Try it >>
Skip any pictures. Repeat the data exactly, from its first line through the line that holds "Concons Grill Caddy, BBQ", both included.

####

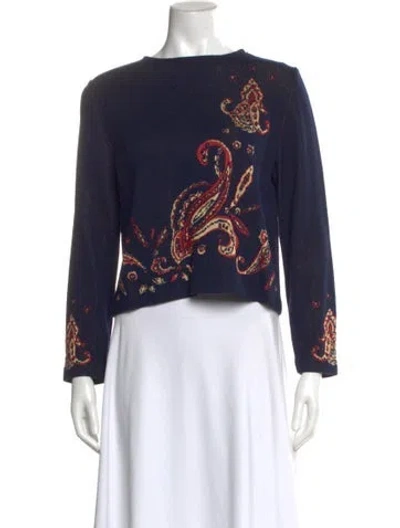 Pre-owned St John Graphic Print Bateau Neckline Sweater In Blue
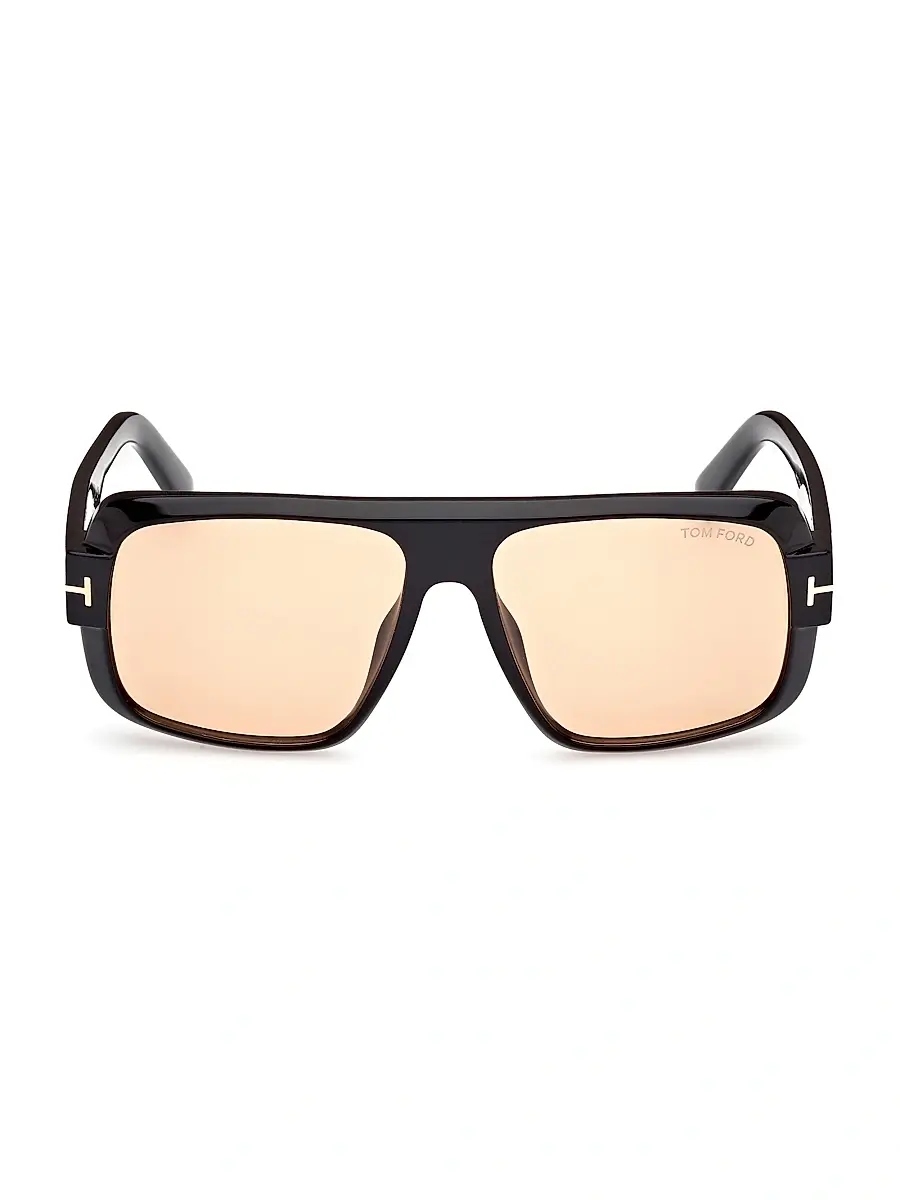 TOM FORD Men's Turner 58MM Navigator Sunglasses - Shiny Black Peach | Thumbnail 3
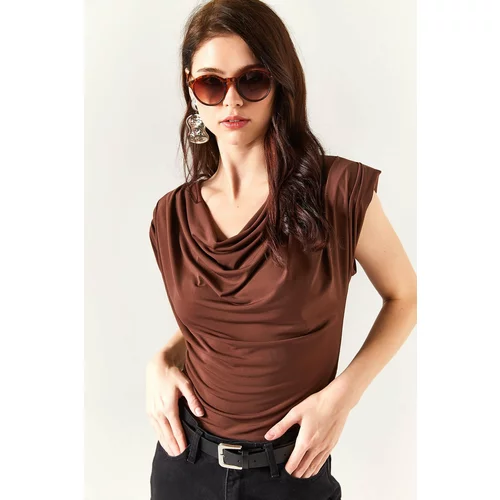 Olalook Women's Dark Brown Padded Plunging Collar Flowy Blouse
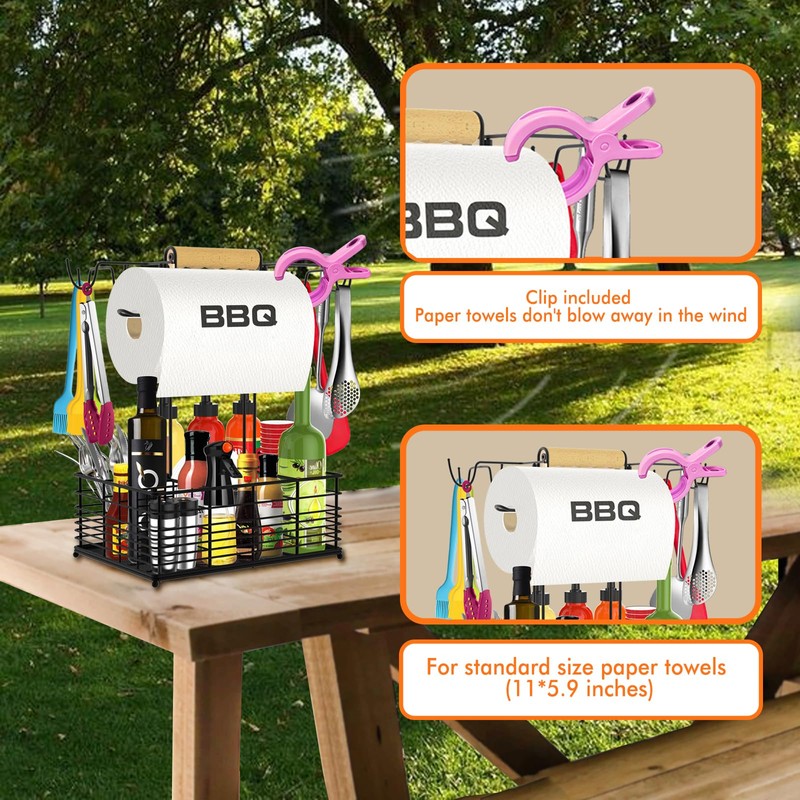 Concons Grill Caddy, BBQ Caddy for Outdoor Grill, Camping Essentials,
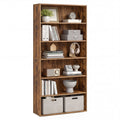6 tier open storage shelving unit in rustic brown styled with books, boxes and decor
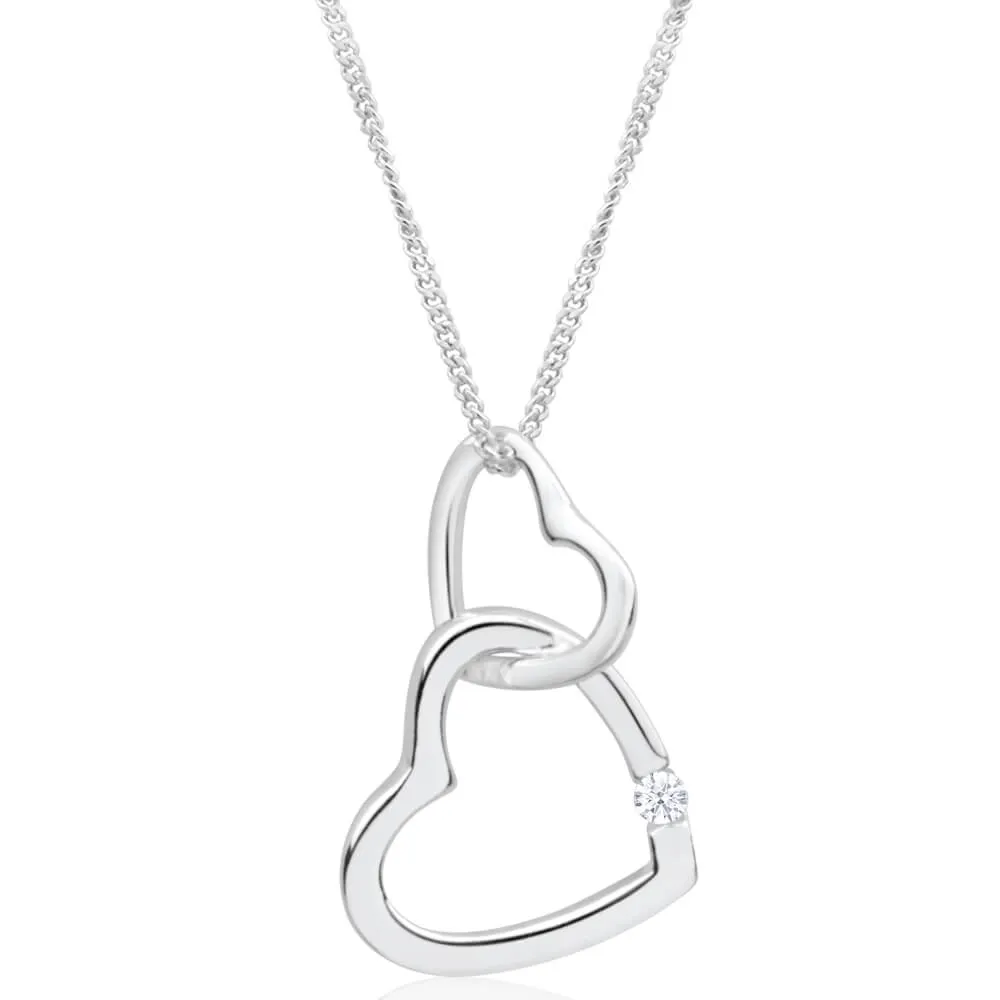 Sterling Silver Cubic Zirconia Double Open Heart Pendant With 45cm Chain Sterling Silver	Jewelry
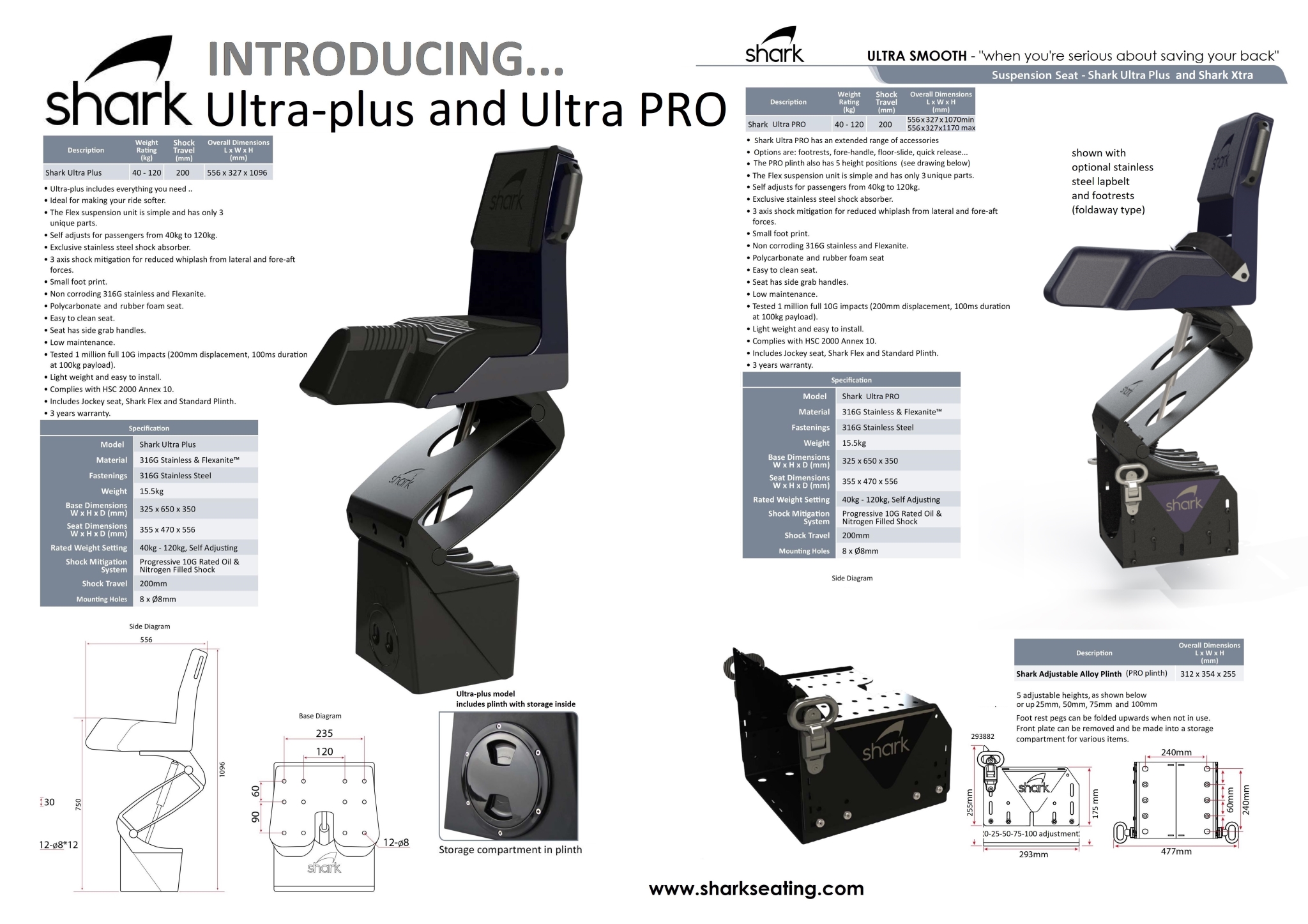 ULTRA jockey suspension boat seat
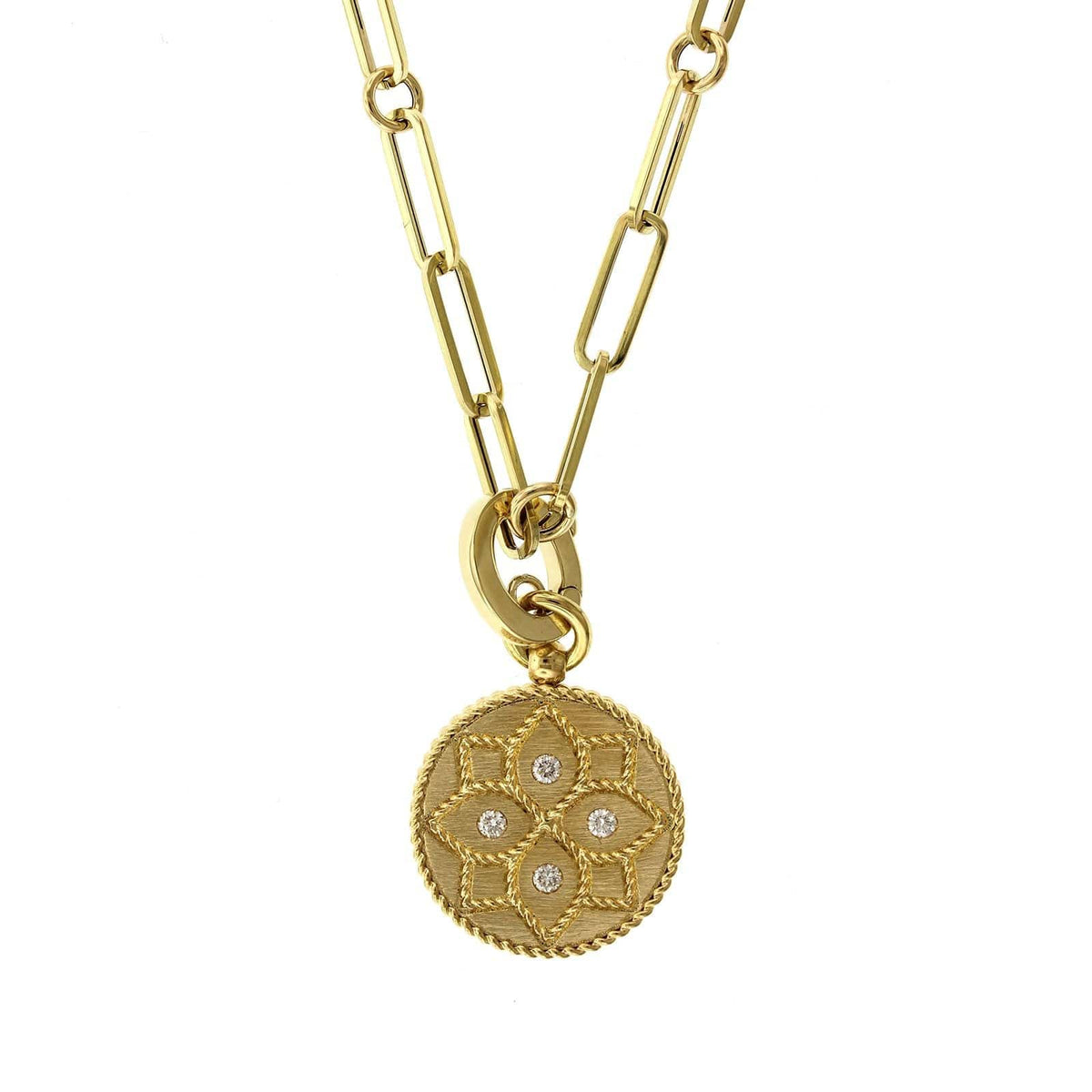 18K Yellow Gold Venetian Diamond Medal Necklace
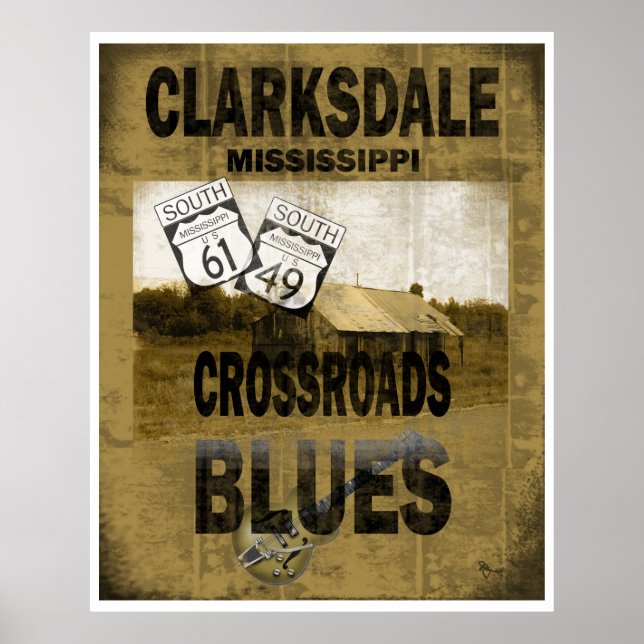 Poster Guitare de Clarksdale Mississippi Crossroads Blues (Devant)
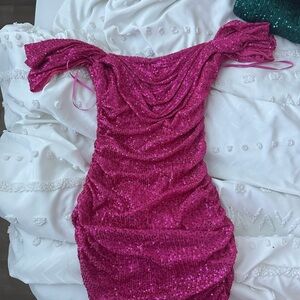 Pink Sequin Mini Dress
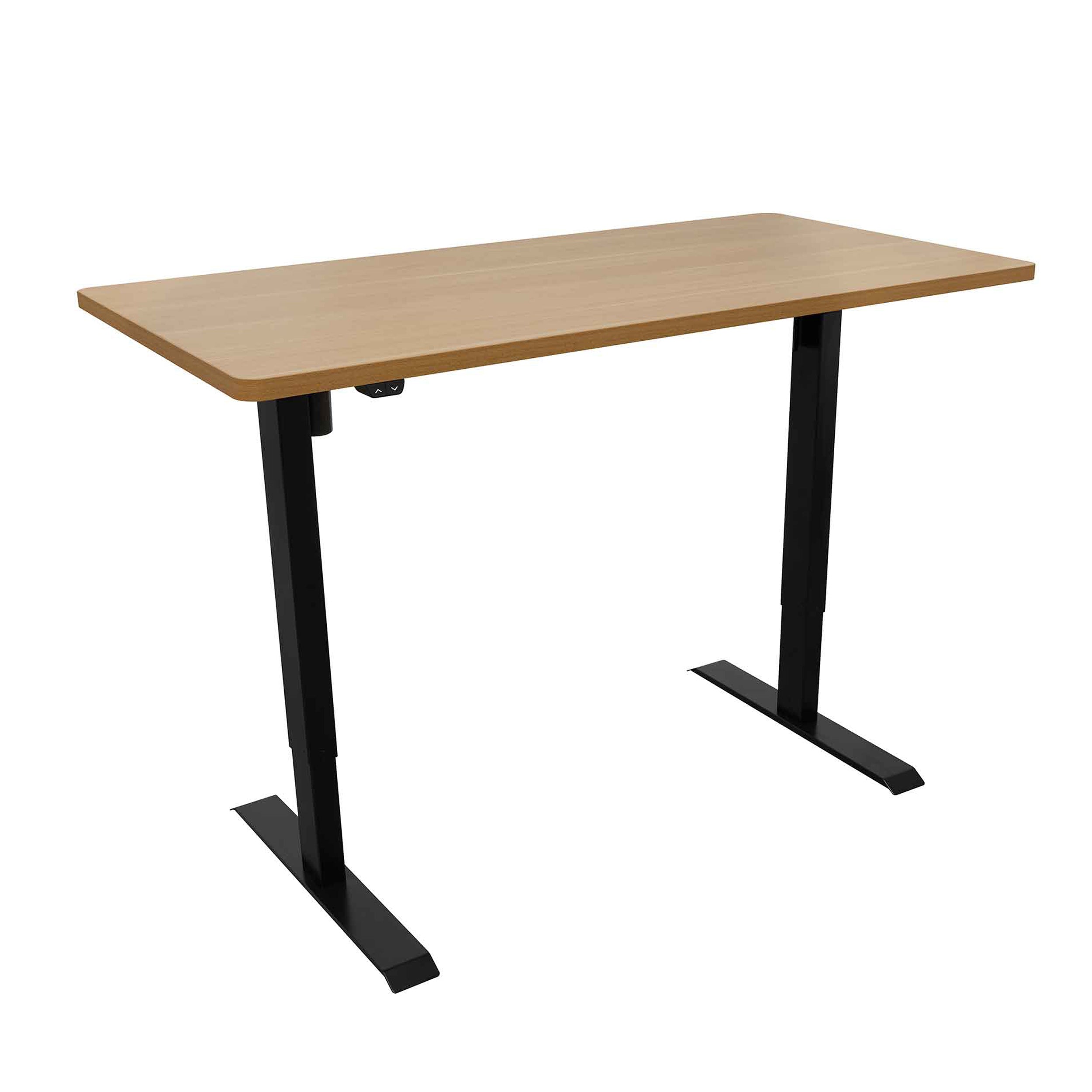 Oak Electric Height Adjustable Standing Desk, Office Quiet & Fast 1400 x 700mm - DH242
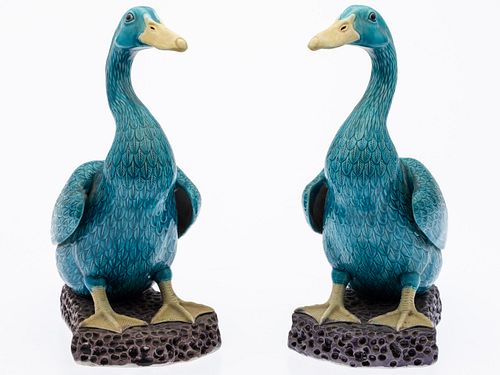 Two Large Chinese Ceramic Ducks and Two Small Ducks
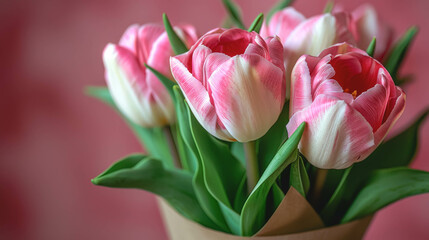 Obraz premium Bouquet of pink and white tulips in paper wrapping on a pink background.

####

Result of this task >>
 Pre-owned St John Graphic Print Bateau Neckline Sweater In Blue
 TOM FORD Men's Turner 58MM Navigator Sunglasses - Shiny Black Peach | Thumbnail 3
 Olalook Women's Dark Brown Padded Plunging Collar Flowy Blouse
 Concons Grill Caddy, BBQ Caddy for Outdoor Grill, Camping Essentials,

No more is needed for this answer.